TASK PROMPT => Reproduce each record below in full, word for word, without images.

MATERIAL FOR THIS TASK =>
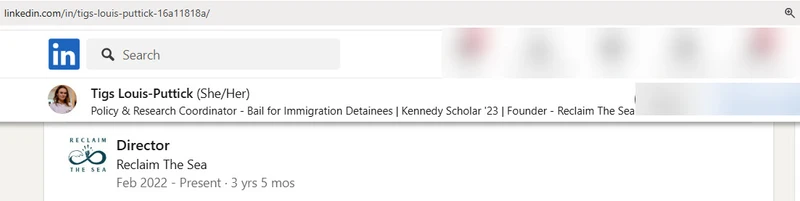 Tegan_Louis-Puttick_Jun_9_2025_LinkedIn_2b.jpg_#2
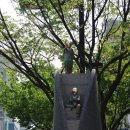 공구상가일번지 | 사빈의 대구 골목투어 (3) : 북성로(北城路)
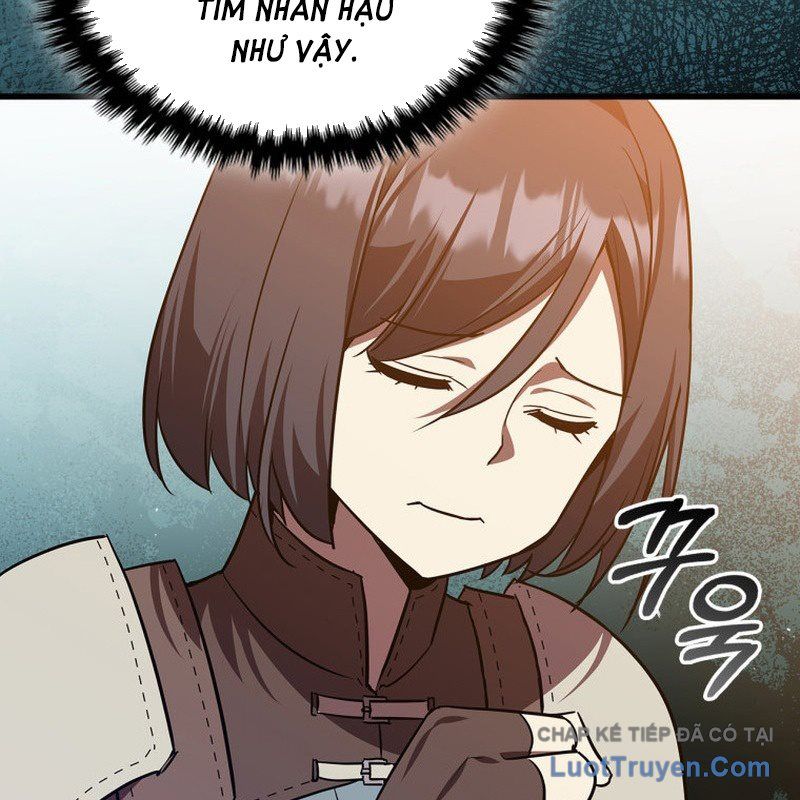 Trở Thành Con Gái Của Kẻ Phản Diện Trong Học Viện Chapter 18 - Trang 2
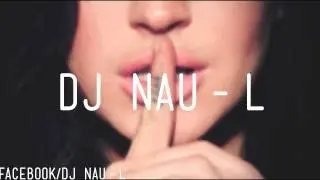 N▲U - Our Secret (Original Mix)
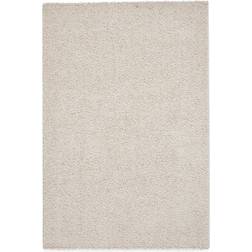 Think Rugs Bali White 120x170cm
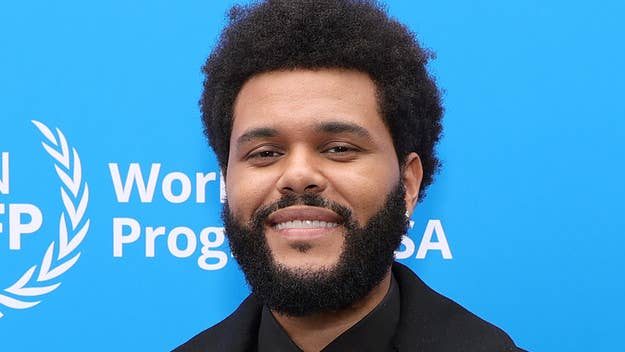 HBO has given a series order to 'The Idol,' a six-episode drama co-written and executive produced by The Weeknd, and co-created by Sam Levinson of 'Euphoria.'
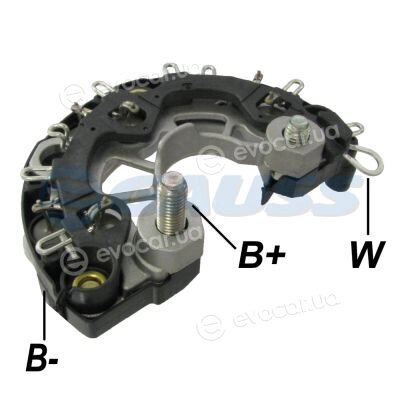 Gauss GA1446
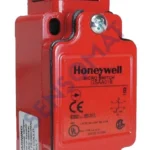 GSAA20B HONEYWELL Micro Switch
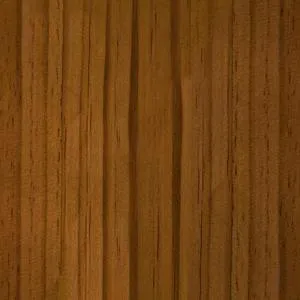 Walnut (Premium)
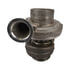 Holset 3592512H Turbocharger NEW TURBOCHARGER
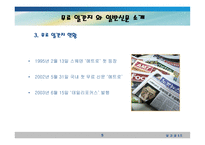 무료일간지는 대중신문의 대안이 될 수 있는가-5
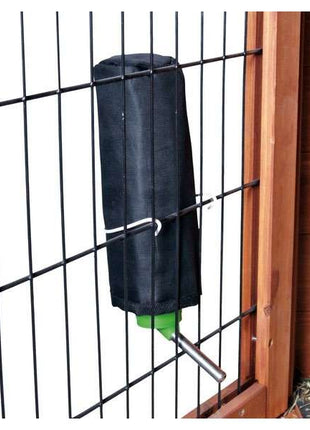 Trixie Therm'o'Drink Isolierung für 450 u. 500 ml Tränken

WRITTEN SOLUTION =>
 Tegan_Louis-Puttick_Jun_9_2025_LinkedIn_2b.jpg_#2
 공구상가일번지 | 사빈의 대구 골목투어 (3) : 북성로(北城路)
 Trở Thành Con Gái Của Kẻ Phản Diện Trong Học Viện Chapter 18 - Trang 2
 N▲U - Our Secret (Original Mix)
 Think Rugs Bali White 120x170cm
 HBO has given a series order to 'The Idol,' a six-episode drama co-written and executive produced by The Weeknd, and co-created by Sam Levinson of 'Euphoria.'
 Gauss GA1446
 GSAA20B HONEYWELL Micro Switch
 Walnut (Premium)
 Holset 3592512H Turbocharger NEW TURBOCHARGER
 무료일간지는 대중신문의 대안이 될 수 있는가-5
 Trixie Therm'o'Drink Isolierung für 450 u. 500 ml Tränken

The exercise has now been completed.